# taz.de -- Grüne streiten über Koalitionen: Lieber die Roten oder die Schwarzen?
       
       > Wie halten es die Grünen mit Schwarz-Grün? Plötzlich ist der Streit
       > wieder da. Doch nach dem Eklat zwischen Cem Özdemir und Jürgen Trittin
       > wiegeln beide Seiten ab.
       
 (IMG) Bild: Da scheinen alle sehr unterschiedliche Gedanken zu haben.
       
       BERLIN taz | Es schien, als sei die Schwarz-Grün-Debatte bei den Grünen
       beendet. Selbst Renate Künast empfahl ihrer Partei nach dem Schock der
       verlorenen Berlin-Wahl, bei der sie mit einem Bündnis mit der CDU
       geliebäugelt hatte, dies künftig kategorisch auszuschließen. Die
       Grünen-Wähler bräuchten da „150 Prozent Klarheit“, sagte die bekehrte
       Realo-Frau im Herbst. Seitdem werden sie und andere Spitzengrüne nicht müde
       zu betonen, dass 2013 nur eine Koalition mit der SPD in Frage käme.
       
       Doch jetzt hat die Partei ihr Lieblingsthema neu entdeckt: Legen wir uns
       auf die SPD fest? Oder setzen wir auf Eigenständigkeit im Wahlkampf? Und
       machen wir’s zur Not mit der CDU?
       
       Im Zentrum der Debatte steht Cem Özdemir. Der Parteivorsitzende und Realo
       warb immer dafür, die Grünen nicht nur im linken Lager zu verorten, und ist
       stolz auf seine Kontakte zur Wirtschaft. Die grüne Eigenständigkeit sieht
       er als Argument für Rot-Grün: „Wir müssen als eigenständige Partei
       natürlich auch Wählerinnen und Wähler über das traditionelle rot-grüne
       Wechselwählerlager hinaus von unseren Inhalten überzeugen.“
       
       Özdemir sieht sich als Letzter, der diese Position im Bund vertritt –
       umgeben von lagerfixierten Rot-Grün-Fans. Denn neben Künast bekennen sich
       auch seine Co-Vorsitzende Claudia Roth, Fraktionschef Jürgen Trittin und
       Bundesgeschäftsführerin Steffi Lemke klar zur SPD. Sie halten das
       Offenhalten einer Koalition mit der CDU für fatal, weil die grüne Klientel
       dies übel nimmt.
       
       Özdemir wird von jungen Spitzengrünen in den Ländern unterstützt, die es
       leid sind, vom Wohlwollen der Sozialdemokraten abhängig zu sein. „Unsere
       Grünen wollen und sollten jeweils vor Ort entscheiden können, mit wem sie
       in der jeweiligen Situation am wirkungsvollsten grüne Inhalte umsetzen
       können“, findet Özdemir dazu.
       
       Boris Palmer weiß er hinter sich: „Eineinhalb Jahre vor der Bundestagswahl
       gibt es überhaupt keinen Grund, sich auf eine Koalition festzulegen“, sagt
       Tübingens Oberbürgermeister. Auch Robert Habeck, Spitzenkandidat in
       Schleswig-Holstein, will sich nicht festlegen – und fährt damit bisher gut.
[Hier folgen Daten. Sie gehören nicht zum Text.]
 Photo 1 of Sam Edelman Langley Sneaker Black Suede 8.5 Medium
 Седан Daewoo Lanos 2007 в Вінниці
       Sein Ergebnis bei der Wahl im Mai wird die Strategiedebatte beeinflussen.
       „Holt Habeck ein sehr gutes Resultat, sitzt Özdemir im Parteirat und
       grinst“, schwant es einem Parteilinken.
       
       ## Der Streit wird persönlich
       
       Der Streit um die „Eigenständigkeit“ eskalierte bereits vor zwei Wochen.
       Der Parteirat diskutierte bei seiner Klausur in Dresden über die
       Wahlkampfstrategie für 2013 – doch schnell wurde es persönlich. Denn just
       an dem Wochenende erschien ein Interview Özdemirs in der Welt am Sonntag.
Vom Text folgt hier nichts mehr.